The Yearbook by Holly Bourne

On Tuesdays we review pink

The Yearbook by Holly Bourne

My rating: 5 of 5 stars


I have such time for what Holly Bourne does. I like how smart and fearless and honest her writing is. I really like how she’s unafraid of giving people complex endings. Life isn’t neat. Things don’t cleanly web together. We knot, we fray, we find ourselves in the bumps in between. And so to The Yearbook, a stand alone young adult novel with some fierce dark truth at its core, and a girl who’s just trying to find her place in the world.

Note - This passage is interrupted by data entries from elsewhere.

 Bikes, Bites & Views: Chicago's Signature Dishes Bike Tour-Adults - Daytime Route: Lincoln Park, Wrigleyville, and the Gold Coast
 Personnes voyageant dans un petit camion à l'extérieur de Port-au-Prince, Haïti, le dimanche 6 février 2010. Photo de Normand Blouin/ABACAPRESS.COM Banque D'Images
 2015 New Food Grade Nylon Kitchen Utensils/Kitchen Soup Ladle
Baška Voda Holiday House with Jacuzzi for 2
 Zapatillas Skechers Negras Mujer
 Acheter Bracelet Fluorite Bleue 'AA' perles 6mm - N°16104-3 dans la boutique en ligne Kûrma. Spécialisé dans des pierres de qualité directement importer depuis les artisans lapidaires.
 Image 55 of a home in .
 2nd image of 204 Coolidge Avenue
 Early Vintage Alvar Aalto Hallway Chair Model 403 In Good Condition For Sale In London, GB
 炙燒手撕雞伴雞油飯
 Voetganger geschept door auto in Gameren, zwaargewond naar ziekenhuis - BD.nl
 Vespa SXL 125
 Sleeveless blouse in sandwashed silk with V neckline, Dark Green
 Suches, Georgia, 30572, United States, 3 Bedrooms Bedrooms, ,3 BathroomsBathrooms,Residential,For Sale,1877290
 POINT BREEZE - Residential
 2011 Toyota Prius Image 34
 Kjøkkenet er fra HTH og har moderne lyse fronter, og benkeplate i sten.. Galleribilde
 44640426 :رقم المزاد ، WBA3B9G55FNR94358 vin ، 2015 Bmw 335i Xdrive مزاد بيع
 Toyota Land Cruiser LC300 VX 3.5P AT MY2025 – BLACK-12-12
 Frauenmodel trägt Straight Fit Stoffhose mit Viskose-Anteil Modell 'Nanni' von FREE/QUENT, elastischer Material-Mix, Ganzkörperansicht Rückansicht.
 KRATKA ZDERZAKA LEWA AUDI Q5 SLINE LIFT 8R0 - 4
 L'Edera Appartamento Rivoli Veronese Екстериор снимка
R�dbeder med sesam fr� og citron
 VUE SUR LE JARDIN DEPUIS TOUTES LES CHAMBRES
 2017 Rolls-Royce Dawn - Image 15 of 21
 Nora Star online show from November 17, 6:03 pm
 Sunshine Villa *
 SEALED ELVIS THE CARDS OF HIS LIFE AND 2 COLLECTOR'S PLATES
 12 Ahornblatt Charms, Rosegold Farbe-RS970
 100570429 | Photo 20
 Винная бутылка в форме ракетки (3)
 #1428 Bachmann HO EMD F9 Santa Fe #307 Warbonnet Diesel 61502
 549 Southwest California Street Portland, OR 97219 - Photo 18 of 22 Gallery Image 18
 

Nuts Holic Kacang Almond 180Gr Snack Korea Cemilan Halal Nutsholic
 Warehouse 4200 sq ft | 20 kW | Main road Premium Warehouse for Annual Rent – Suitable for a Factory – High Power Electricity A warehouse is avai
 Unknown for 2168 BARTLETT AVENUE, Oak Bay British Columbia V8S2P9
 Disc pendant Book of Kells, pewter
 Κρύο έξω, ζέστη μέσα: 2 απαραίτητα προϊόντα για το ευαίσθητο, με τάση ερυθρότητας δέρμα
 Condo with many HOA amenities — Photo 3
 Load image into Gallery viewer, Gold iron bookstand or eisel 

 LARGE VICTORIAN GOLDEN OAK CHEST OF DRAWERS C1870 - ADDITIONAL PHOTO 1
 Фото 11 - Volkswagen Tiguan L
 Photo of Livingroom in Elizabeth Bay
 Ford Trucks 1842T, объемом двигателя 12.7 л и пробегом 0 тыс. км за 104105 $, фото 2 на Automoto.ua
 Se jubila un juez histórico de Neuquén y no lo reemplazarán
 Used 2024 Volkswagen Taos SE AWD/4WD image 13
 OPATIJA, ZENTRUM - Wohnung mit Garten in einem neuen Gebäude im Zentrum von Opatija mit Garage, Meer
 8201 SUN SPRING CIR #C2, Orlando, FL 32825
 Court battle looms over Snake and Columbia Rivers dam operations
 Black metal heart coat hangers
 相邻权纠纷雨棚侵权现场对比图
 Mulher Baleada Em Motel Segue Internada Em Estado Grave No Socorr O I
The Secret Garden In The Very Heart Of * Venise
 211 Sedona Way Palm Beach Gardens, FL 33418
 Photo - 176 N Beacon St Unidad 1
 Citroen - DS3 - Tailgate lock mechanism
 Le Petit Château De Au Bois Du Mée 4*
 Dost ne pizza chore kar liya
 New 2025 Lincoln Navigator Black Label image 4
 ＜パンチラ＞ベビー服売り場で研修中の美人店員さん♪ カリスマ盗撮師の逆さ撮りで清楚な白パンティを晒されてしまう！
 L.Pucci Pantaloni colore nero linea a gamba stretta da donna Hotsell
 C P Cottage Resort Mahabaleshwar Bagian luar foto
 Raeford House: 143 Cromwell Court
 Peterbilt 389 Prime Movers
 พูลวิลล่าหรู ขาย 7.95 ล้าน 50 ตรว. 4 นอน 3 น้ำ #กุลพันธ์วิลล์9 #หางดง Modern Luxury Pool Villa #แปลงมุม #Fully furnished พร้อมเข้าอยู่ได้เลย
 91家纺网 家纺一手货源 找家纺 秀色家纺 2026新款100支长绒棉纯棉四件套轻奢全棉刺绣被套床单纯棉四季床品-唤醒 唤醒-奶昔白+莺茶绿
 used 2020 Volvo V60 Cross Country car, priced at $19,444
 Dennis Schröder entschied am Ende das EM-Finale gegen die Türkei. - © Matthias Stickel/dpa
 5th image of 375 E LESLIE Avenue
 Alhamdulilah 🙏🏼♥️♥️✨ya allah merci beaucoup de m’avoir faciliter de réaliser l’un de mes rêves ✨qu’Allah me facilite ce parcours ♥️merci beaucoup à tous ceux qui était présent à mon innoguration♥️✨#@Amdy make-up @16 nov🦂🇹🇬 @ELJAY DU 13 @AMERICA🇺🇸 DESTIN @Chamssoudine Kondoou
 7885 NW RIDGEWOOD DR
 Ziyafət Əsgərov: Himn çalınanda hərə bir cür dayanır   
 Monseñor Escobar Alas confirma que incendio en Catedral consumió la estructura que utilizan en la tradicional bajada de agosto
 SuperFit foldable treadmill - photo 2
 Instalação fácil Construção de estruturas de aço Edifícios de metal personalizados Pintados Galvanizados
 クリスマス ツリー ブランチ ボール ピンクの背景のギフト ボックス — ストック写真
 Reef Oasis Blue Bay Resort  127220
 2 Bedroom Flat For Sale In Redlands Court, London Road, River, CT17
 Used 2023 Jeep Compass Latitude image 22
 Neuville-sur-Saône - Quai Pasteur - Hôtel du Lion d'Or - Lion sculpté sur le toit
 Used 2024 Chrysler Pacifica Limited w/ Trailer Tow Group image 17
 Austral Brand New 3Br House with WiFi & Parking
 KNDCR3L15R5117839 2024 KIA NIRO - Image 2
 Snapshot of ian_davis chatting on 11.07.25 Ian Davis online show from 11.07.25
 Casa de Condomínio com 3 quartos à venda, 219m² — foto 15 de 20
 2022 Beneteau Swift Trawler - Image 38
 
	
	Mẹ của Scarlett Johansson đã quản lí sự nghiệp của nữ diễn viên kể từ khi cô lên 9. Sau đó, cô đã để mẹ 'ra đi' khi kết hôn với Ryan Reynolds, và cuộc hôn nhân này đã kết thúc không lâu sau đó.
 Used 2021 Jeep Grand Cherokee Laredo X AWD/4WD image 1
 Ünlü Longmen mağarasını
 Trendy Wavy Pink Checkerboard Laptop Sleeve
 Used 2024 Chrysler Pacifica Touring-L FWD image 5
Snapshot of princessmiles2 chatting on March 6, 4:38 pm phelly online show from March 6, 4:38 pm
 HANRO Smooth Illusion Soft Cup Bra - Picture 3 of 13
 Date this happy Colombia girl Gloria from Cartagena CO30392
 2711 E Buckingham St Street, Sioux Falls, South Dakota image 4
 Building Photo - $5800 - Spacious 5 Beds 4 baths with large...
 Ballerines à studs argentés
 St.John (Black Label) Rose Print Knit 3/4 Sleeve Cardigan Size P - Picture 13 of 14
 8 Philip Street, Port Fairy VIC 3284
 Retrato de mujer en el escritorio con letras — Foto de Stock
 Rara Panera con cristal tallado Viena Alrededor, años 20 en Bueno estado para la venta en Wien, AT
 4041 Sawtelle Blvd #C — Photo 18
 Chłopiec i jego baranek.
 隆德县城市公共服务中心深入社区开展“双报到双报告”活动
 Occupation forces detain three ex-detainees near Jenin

Paige Vickers exists. Barely. Life at home is complex, her family a web of darkness and lies, and the only thing that keeps her from sinking into a sea of loneliness is the school library and her Aunt Polly. (Polly is EVERYTHING. I cannot emphasise this enough. She is one of the best characters and I adored her entirely). Paige’s parents are locked in a complex and often violently abusive relationship. Her golden child brother is at university and even when he’s at home, he’s plotting how quickly he can leave. Things are not well. And all Paige can do is write down her hurt and pain in the books she reads.

And then one day somebody responds.

I always know a book is going for well when I have to literally stop everything to read the last few pages. And although it’s not necessarily the conclusion I would have chosen, it is a conclusion that stays true to the rules of the world. Things aren’t easy. Not everything gets tied up in a neat bow. I feel like Bourne gets that and that’s why I love her work so much. She’s just truthful and kind and honest and lovely, and I thought The Yearbook was excellent.

I also really appreciated support resources being listed in the back of it. There are some dark scenes here particularly about the relationship that Paige’s father has with his family. These escalate towards the end of the book and provide some challenging reading throughout. Usborne make a good call here in signposting the additional support for readers right from the first pages of the book, and it’s something that I’d welcome more publishers doing.